Some of the colossal loss-making state institutions were The Ceylon Electricity Board, Ceylon Petroleum Corporation, Sri Lanka Cricket, The State Timber Corporation, Rupavahini, Lanka Puthra Bank and Mihin Lanka.

Gunasekera has said that he hoped to hand over the COPE report to Speaker Chamal Rajapaksa so that the report could be discussed in the budget debate.

The lackadaisical attitude of state bureaucracy, inefficiency of the system of administration and perhaps underlying corruption can be inferred from some of his comments.  He had told the media that certain establishments had even failed to submit their annual reports for two to three years.

Some of the other strictures were that the appointment of unqualified people to top managerial posts on political grounds and the lack of financial administrative disciplines had ruined many of the public enterprises. The Rupavahini Corporation had recruited nearly 100 employees violating the accepted procedure, Finance Ministry guidelines and without approval of the Board of Directors. Most of these appointments were unnecessary, it is said.

The pathetic state which Sri Lanka Cricket had descended to from being the World Champion is revealed in its financial record having incurred a loss of Rs 2 billion. Queries by the Auditor General have gone unanswered and cricket officials have no clue how to answer them!

This is the alarming state of public administration in the country and now President Rajapaksa in his wisdom wants to make Underperforming Enterprises and Underutilized Assets perform to his satisfaction and realise their utility by vesting them in the Treasury and appointing a Competent Authority to run them. He may resort to recruitment of some from the private sector but often incompetent private sector rogues creeping into  places quite foreign to them have cost this country billions not of rupees but billions of dollars!

The public is justified in entertaining grave doubts about this Bill. It was hatched in secrecy being drawn up not at the Legal Draftsman’s Department but by a private firm which some commentators have described as being a ‘bizarre’ move. No one could have access to the Bill till the Supreme Court conveyed its decision to parliament. Why oh why was it considered an Urgent Bill – to hide it from the public?  The net result was there could be no discussion on this Bill with draconian implications before it went before the Supreme Court.

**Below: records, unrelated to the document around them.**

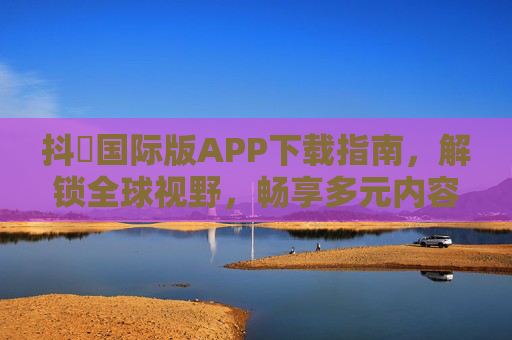 抖抈国际版APP下载指南，解锁全球视野，畅享多元内容新体验，抖抈国际版APP下载指南，解锁全球视野，畅享多元内容新体验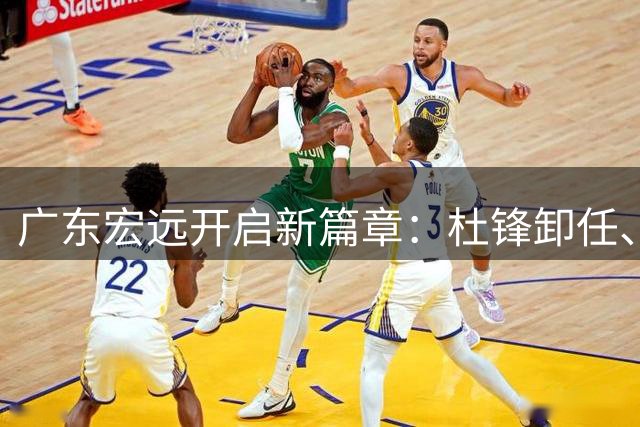 广东宏远开启新篇章：杜锋卸任、郭艾伦遇阻、胡明轩再出征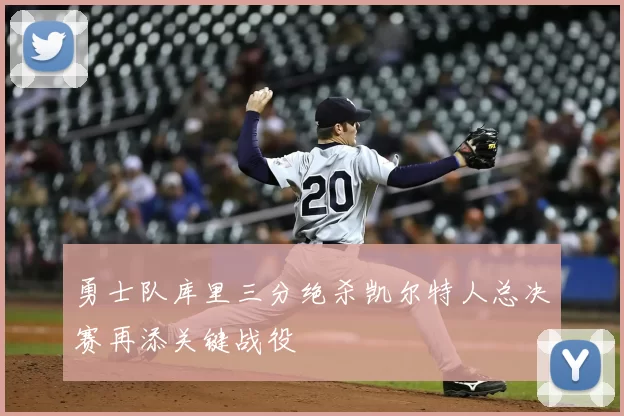 勇士队库里三分绝杀凯尔特人总决赛再添关键战役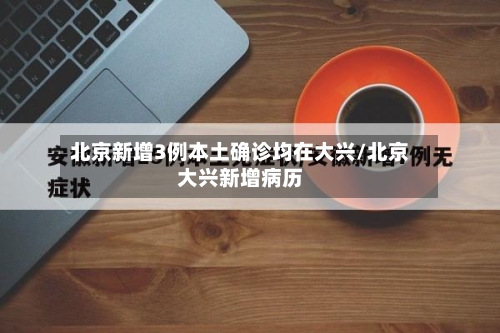 北京新增3例本土确诊均在大兴/北京大兴新增病历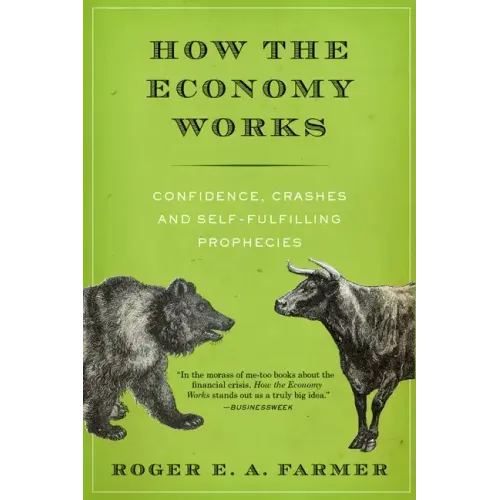 How the Economy Works: Confidence, Crashes and Self-Fulfilling Prophecies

What could be the future implications of this Bill? Could it be a Sword of Damocles hanging over business communities? A donation to a political fund or unpopular cause could automatically result in one’s business establishment being declared underproductive! Owners of some of the business establishments to be victimized such as the Hingurana and Pelawatte sugar companies have declared that their establishments have recovered and were making profits while others claim that they are victims of political vengeance.

With this Bill Mahinda Rajapaksa may be kicking into his own goal. He wants the world beyond to view Sri Lanka as the Miracle of Asia and for foreign investors to come in. The UNP had already condemned this Bill saying that it would drive away would-be foreign investors.

Whether the new legislation would apply to foreign investors or not, the very idea that a business venture could be taken over for underperformance or underutilization would give any investor the jitters.